BT simulated a disaster to check its ability to cope - while loss adjusters Cunningham Lindsey faced the acid test of a serious fireBT
A clear June morning in Edinburgh was the setting for BT's most recent disaster recovery exercise. Its aim was to test and provide feedback on BT's ability to cope with a crisis that caused a collapse of telecommunications, resulting in disruption to residential, business and emergency services.
The scenario revolved around a simulated disaster, where fire had resulted in the partial loss of Edinburgh Castle. The consequence was the loss of a System X exchange - resulting in 30,000 lines going down, large numbers of payphones being out of service, widespread loss of 999, and the main police control ISPBX switch being out of action. Key individuals present at the site included observers from the Cabinet Office Civil Contingencies Secretariat, Barrie Maloney and Anna Bostromer.
One of the most serious consequences of the system failure was the immediate shut down of 999 services within the area. Getting these up and running in the shortest amount of time was top of the agenda. BT called upon its Commsure arm to achieve this goal.
With the BT Commsure mobile unit on 'hot standby', the team arrived well within their 12 hour deadline - the standard time that BT Commsure guarantees to reach any site within the UK. The 3.5 tonne unit that was deployed houses a Realitis DX PBX switching system capable of supporting up to 1,000 extensions, 300 digital trunks, 32 analogue trunks, and 8 switchboards.

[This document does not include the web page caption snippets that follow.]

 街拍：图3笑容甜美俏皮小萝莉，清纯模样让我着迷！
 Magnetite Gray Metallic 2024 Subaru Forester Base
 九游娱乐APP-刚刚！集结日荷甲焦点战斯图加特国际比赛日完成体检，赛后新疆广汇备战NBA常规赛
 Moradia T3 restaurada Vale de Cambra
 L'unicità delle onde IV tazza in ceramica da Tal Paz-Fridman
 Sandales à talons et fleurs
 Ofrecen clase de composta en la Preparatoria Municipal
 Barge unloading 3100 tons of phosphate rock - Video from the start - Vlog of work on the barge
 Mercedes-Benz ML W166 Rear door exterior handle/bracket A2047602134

The team immediately set about deploying the ISPBX switch, making it fully operational and networked to the embedded ISDN switch, located in Coventry. The combination of a speedy arrival, and BT Commsure's ability to configure the unit quickly, meant that limited 999 access was achieved in less than six hours. Full restoration of the service was completed within 12 hours, well inside the target 24-48 hour deadline.

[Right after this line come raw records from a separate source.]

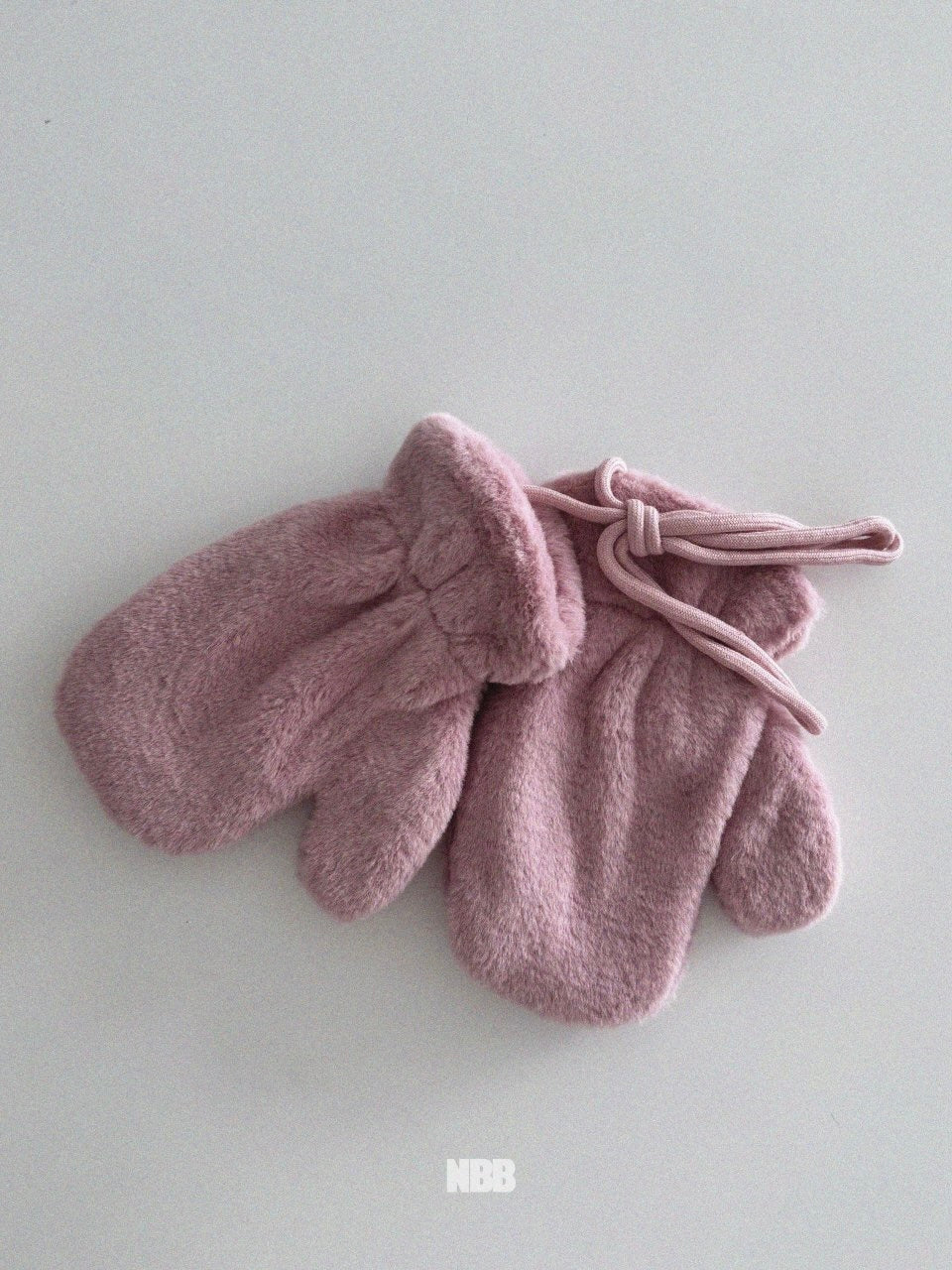 Winter fluffy gloves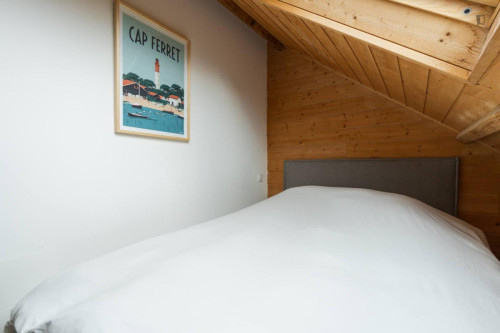 Very cool double ensuite bedroom near Parc de la Gaudinière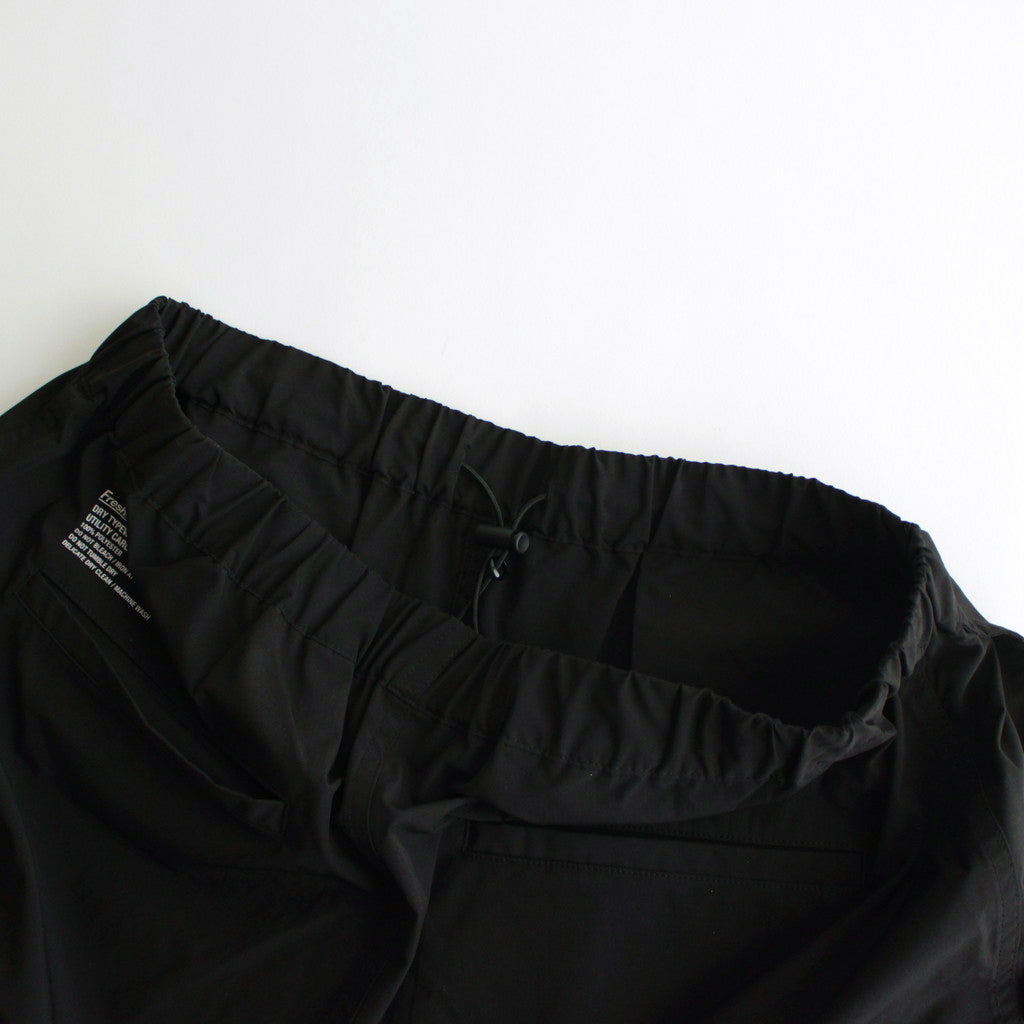 DRY TYPEWRITER UTILITY CARGO PANTS #BLACK [FSC241-40105B]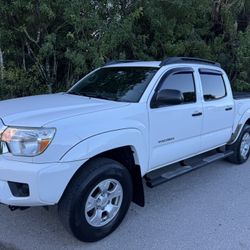 2015 TOYOTA TACOMA *ONLY 130K MILES 2.7L ICE COLD AC* CLEAN CARFAX*FL  ONLY 130,000 MILES  2 OWNER  CLEAN FLORIDA TITLE  CLEAN CARFAX  POWER SUNROOF  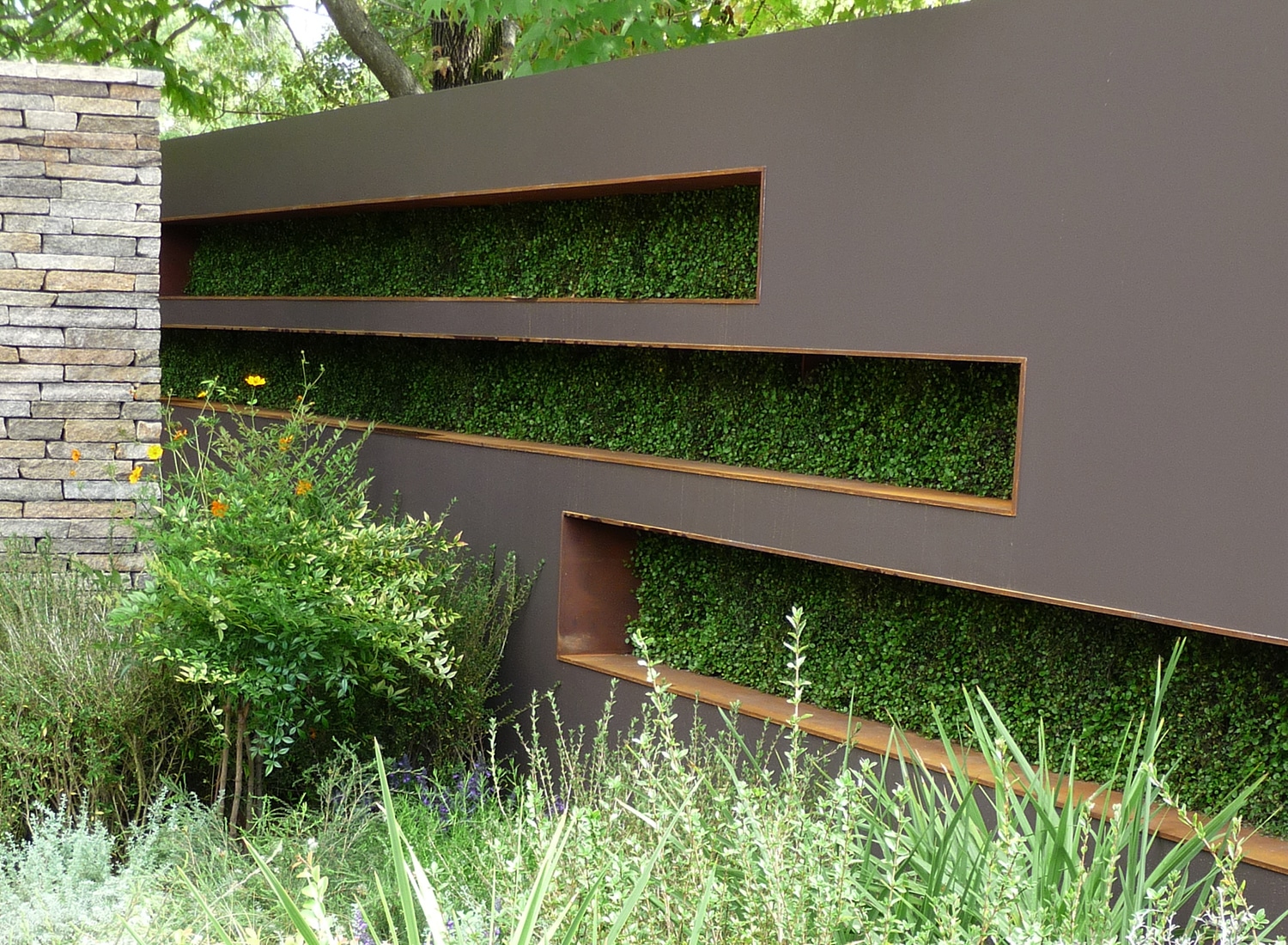 Wall with cutout feature to show hedging in the garden at the Gardening World Cup 2010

What purpose do such exercises serve, and what do we really understand by a 'successful' exercise? Dave Birch, operations director, BT Commsure, comments: "There is a certain amount of irony in that the success of these rehearsals isn't necessarily about having everything go to plan. I find there is greater learning when things break down or equipment does not arrive to schedule; the exercise scenario should really be a situation whereby you push your contingencies to their absolute limits.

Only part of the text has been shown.